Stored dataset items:
● ● ●
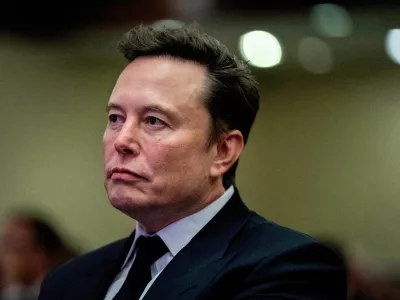 FILE PHOTO: FILE PHOTO: Tesla CEO and X owner Elon Musk listens as US President-elect Donald Trump speaks during a meeting with House Republicans at the Hyatt Regency hotel in Washington, DC, U.S. on November 13, 2024. ALLISON ROBBERT/Pool via REUTERS/File Photo/File Photo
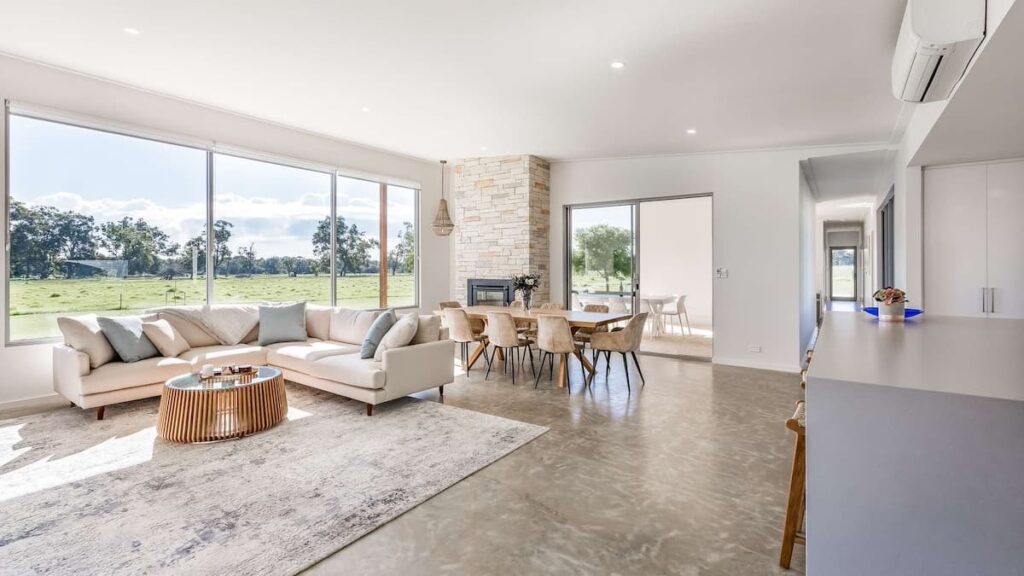 Busselton Hithergreen's bright and spacious open-plan living area with cream couch, dining set and rug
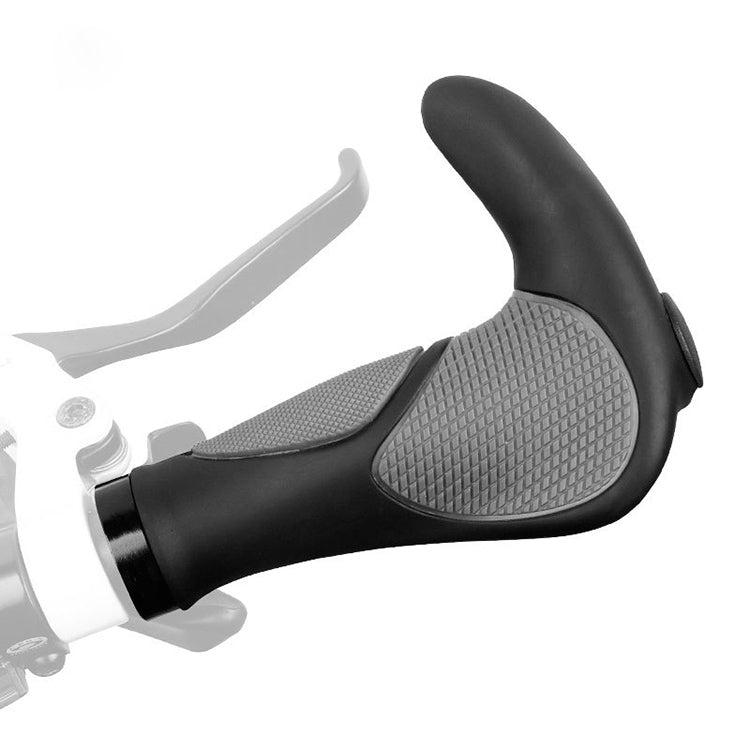 Black handlebar grips with gray textured pads and horn attachment on the left side.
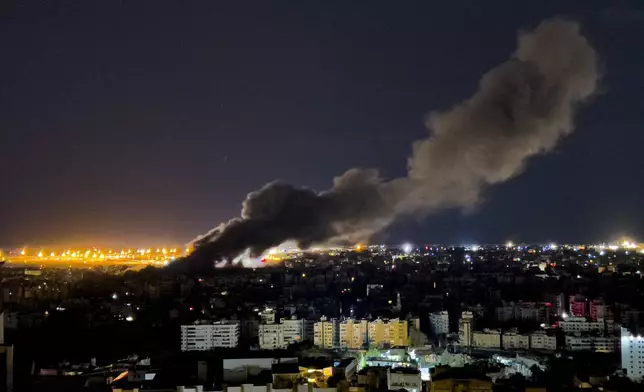 Smoke rises from an Israeli airstrike that hit the southern suburb of Beirut, Lebanon, Tuesday, Oct. 1, 2024. (AP Photo/Hussein Malla)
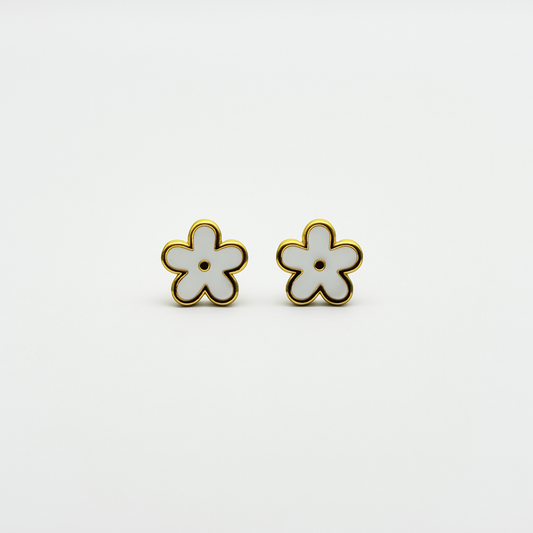 The Gardenia Earrings gold and white enamel flower studs close-up on white background.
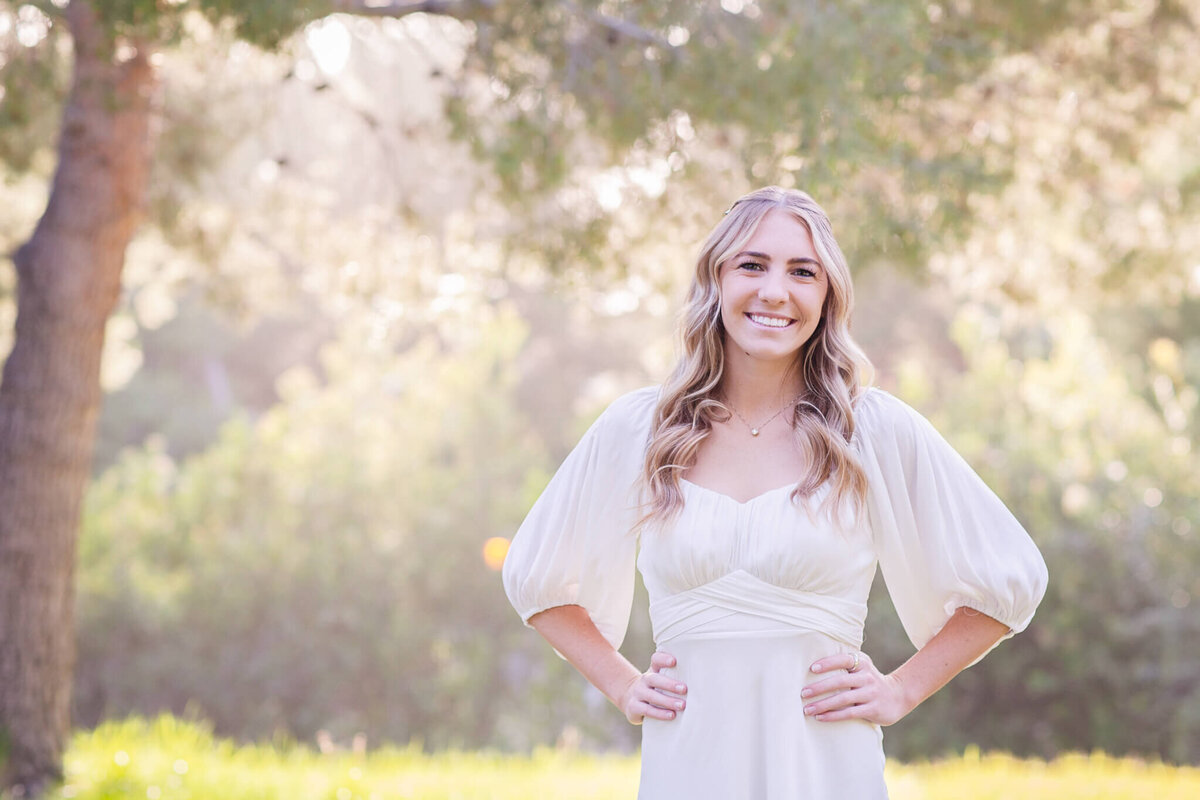 A woman in a white dress stands outdoors with hands on hips, smiling. The background is sunlit with greenery and trees, creating a soft, natural setting.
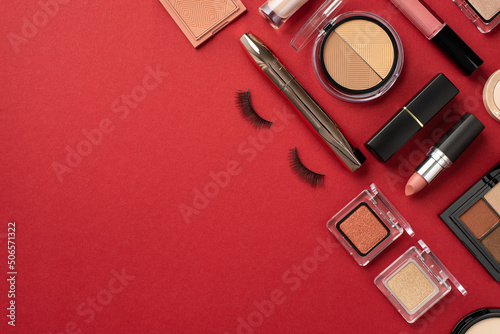 Makeup concept. Top view photo of lipstick lip gloss contouring palette eyeshadow blush mascara and false eyelashes on isolated red background with copyspace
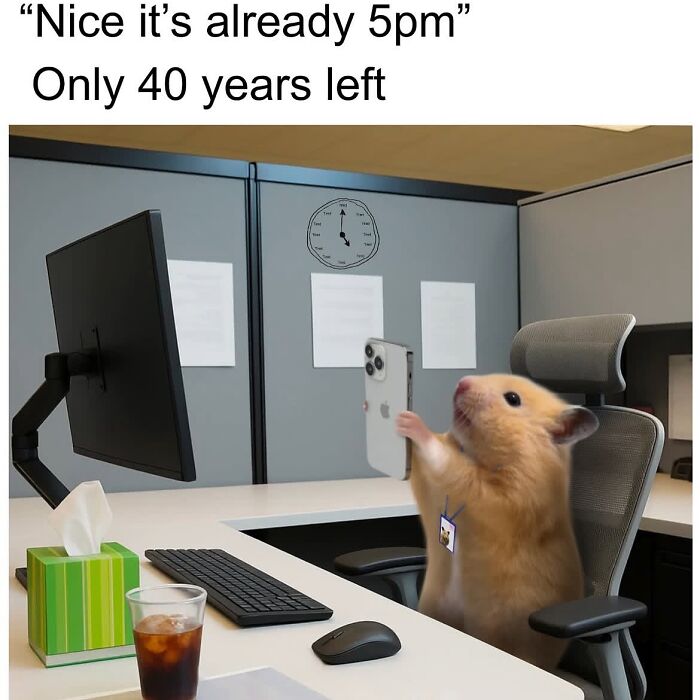 Hamster holding a smartphone at an office desk with a computer, relatable meme featuring sarcasm about work time.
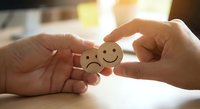 Hands exchanging wooden emotion tokens showing sad and happy faces in warm sunlight. Mental health awareness and emotional support concept for wellness campaigns.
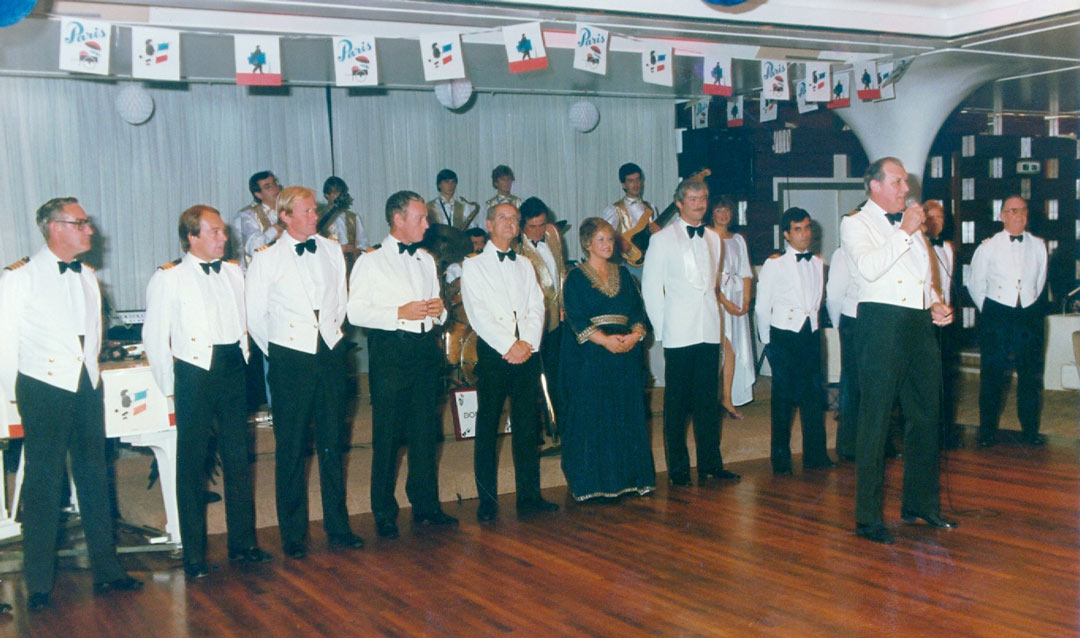 Lynn Littler in evening dress standing with a long line of men in uniform at a social event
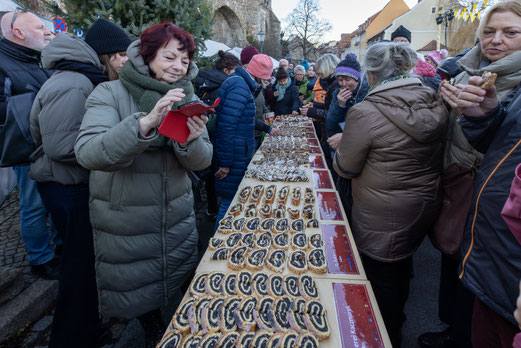 Im Freien steht ein Tisch, auf dem gleichmäßig geschnittene Scheiben Mohnstollen bereitstehen. Um den Tisch herum hat sich das Publikum der Mohnstollenverkostung versammelt und betrachtet und kostet den Mohnstollen.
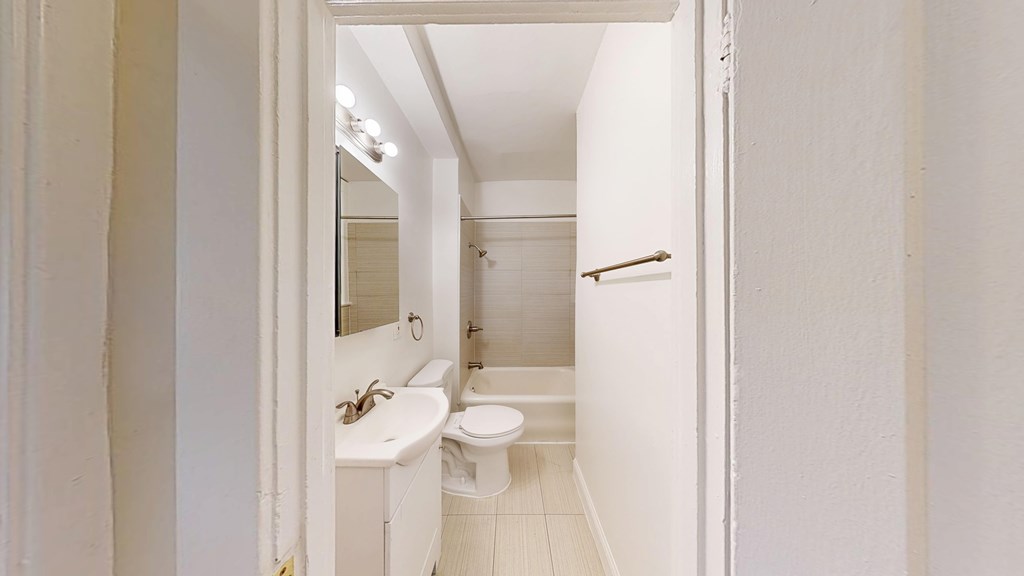 A white bathroom with a sink, toilet and mirror.
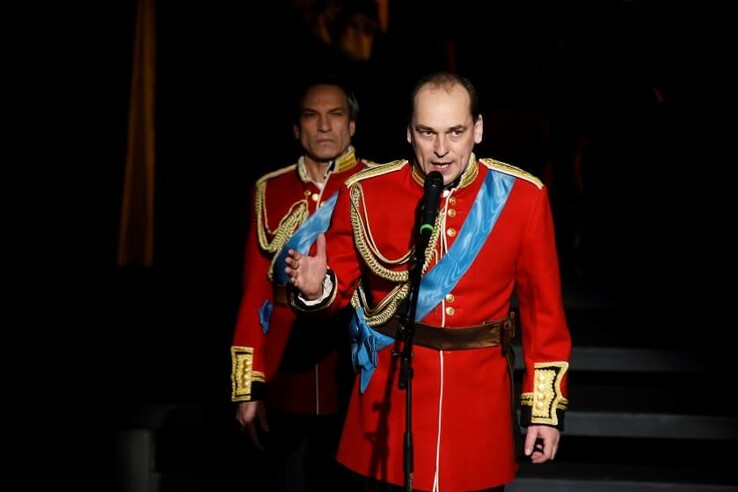 Two men in red uniforms with blue sashes speak into microphones on a stage. © bremer shakespeare company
● ● ●
▶ Problem details
Leave out every picture and copy verbatim the lines running from the line containing "Im Freien steht" through the final line of the data.

▶ Solution to this task
 Im Freien steht ein Tisch, auf dem gleichmäßig geschnittene Scheiben Mohnstollen bereitstehen. Um den Tisch herum hat sich das Publikum der Mohnstollenverkostung versammelt und betrachtet und kostet den Mohnstollen.
 A white bathroom with a sink, toilet and mirror.
 Two men in red uniforms with blue sashes speak into microphones on a stage. © bremer shakespeare company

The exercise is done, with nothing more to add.